# Problem statement
Using the data below, transcribe exactly everything from the line that contains "a piece of corn" down to the line that contains "Vue intérieure côté". Include both of those lines and none of the pictures.

# Available data
-=-=-

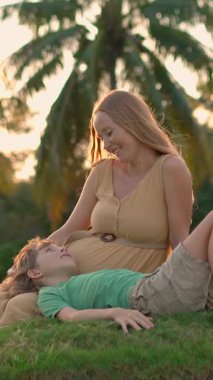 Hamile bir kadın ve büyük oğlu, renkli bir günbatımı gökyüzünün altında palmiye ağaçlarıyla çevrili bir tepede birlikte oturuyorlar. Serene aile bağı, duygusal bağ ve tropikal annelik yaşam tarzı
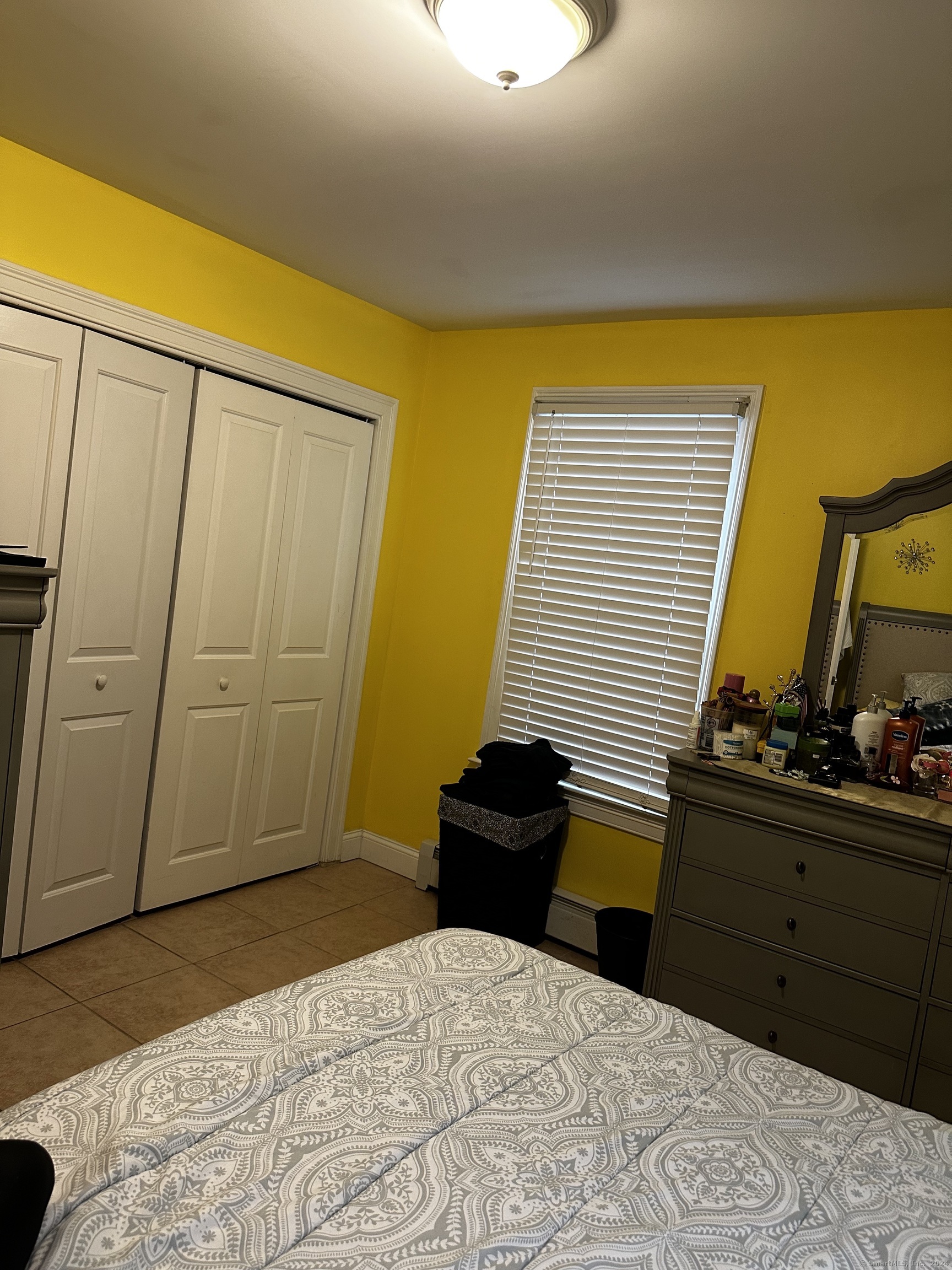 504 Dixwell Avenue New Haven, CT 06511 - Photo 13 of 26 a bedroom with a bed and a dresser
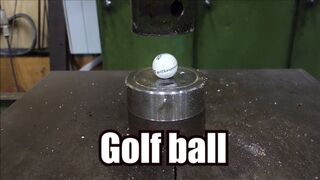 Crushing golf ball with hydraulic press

-=-=-

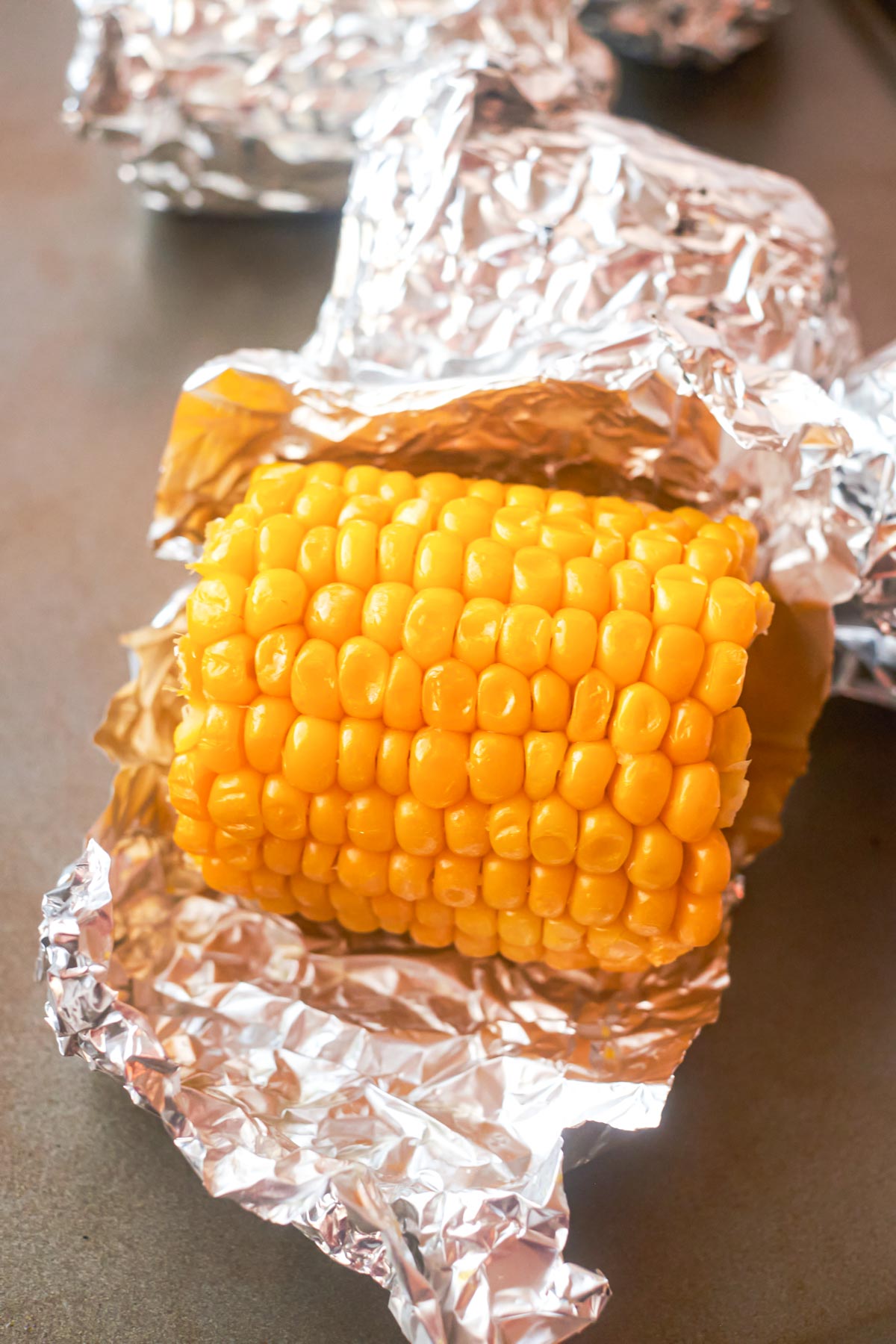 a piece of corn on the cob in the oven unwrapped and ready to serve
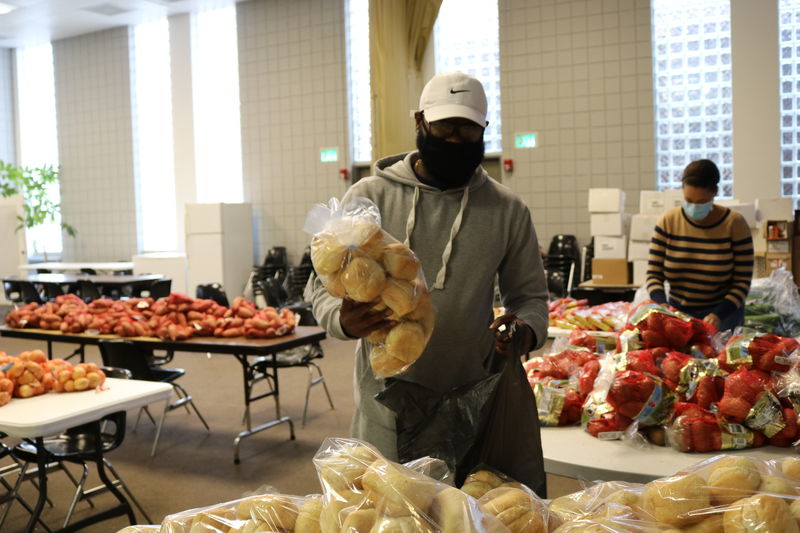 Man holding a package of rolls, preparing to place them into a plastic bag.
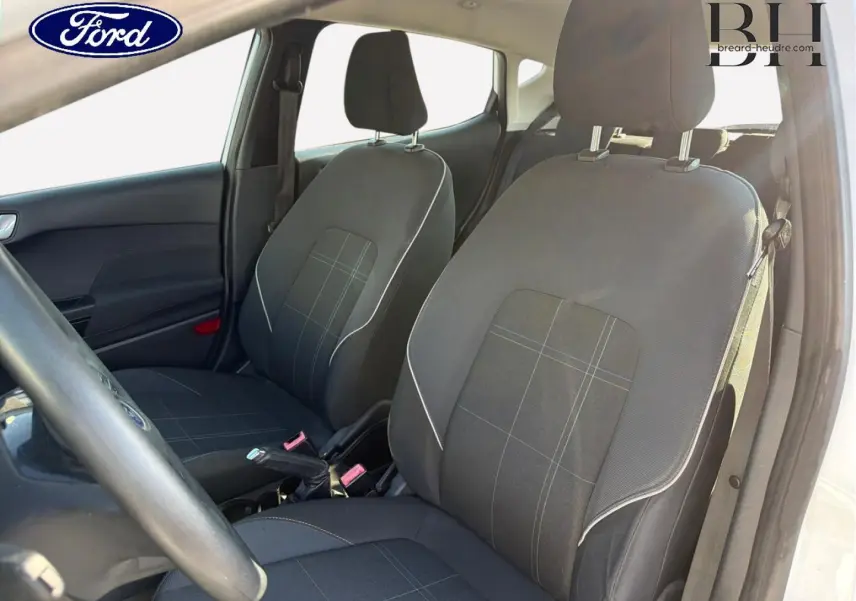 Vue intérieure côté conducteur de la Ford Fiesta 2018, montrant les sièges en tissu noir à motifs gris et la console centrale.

-=-=-

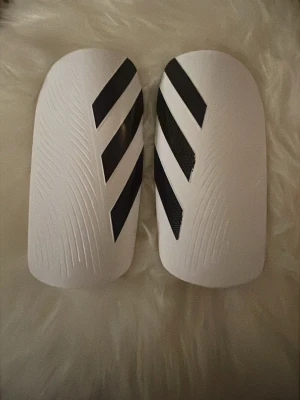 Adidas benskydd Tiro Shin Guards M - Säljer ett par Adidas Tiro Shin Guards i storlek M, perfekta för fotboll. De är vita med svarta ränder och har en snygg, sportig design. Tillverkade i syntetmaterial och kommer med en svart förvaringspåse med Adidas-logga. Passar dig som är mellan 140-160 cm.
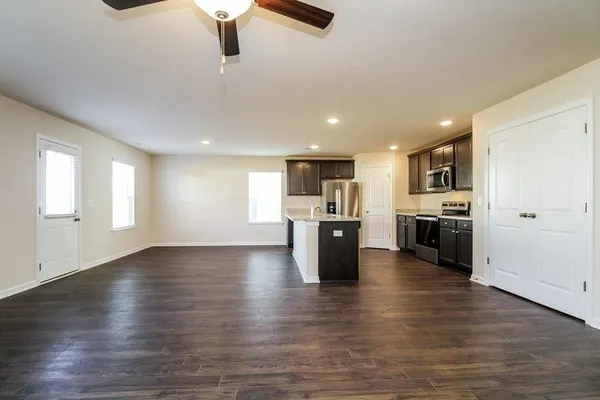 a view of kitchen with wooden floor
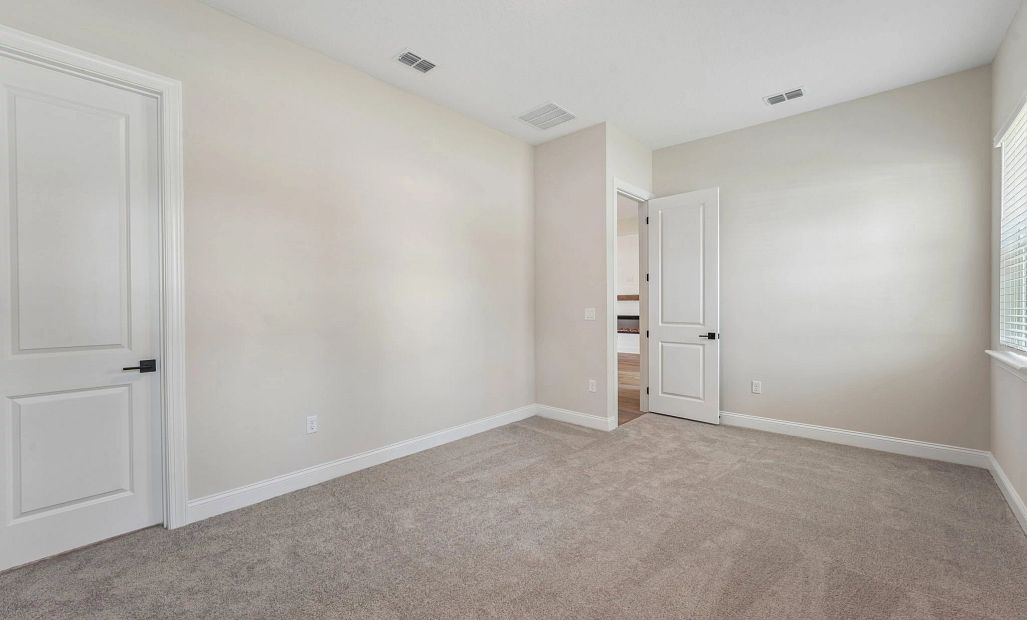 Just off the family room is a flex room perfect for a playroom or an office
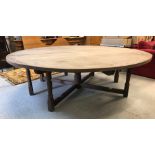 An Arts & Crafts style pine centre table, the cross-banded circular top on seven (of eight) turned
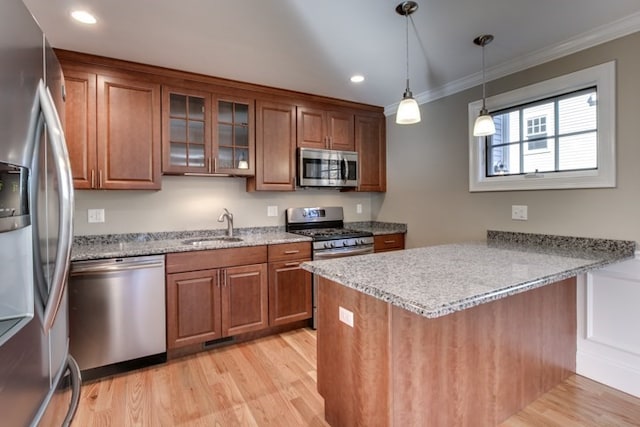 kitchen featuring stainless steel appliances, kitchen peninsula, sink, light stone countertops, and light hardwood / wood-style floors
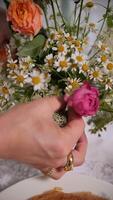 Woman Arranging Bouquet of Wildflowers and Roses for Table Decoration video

-=-=-

# Result
 a piece of corn on the cob in the oven unwrapped and ready to serve
 Man holding a package of rolls, preparing to place them into a plastic bag.
 Vue intérieure côté conducteur de la Ford Fiesta 2018, montrant les sièges en tissu noir à motifs gris et la console centrale.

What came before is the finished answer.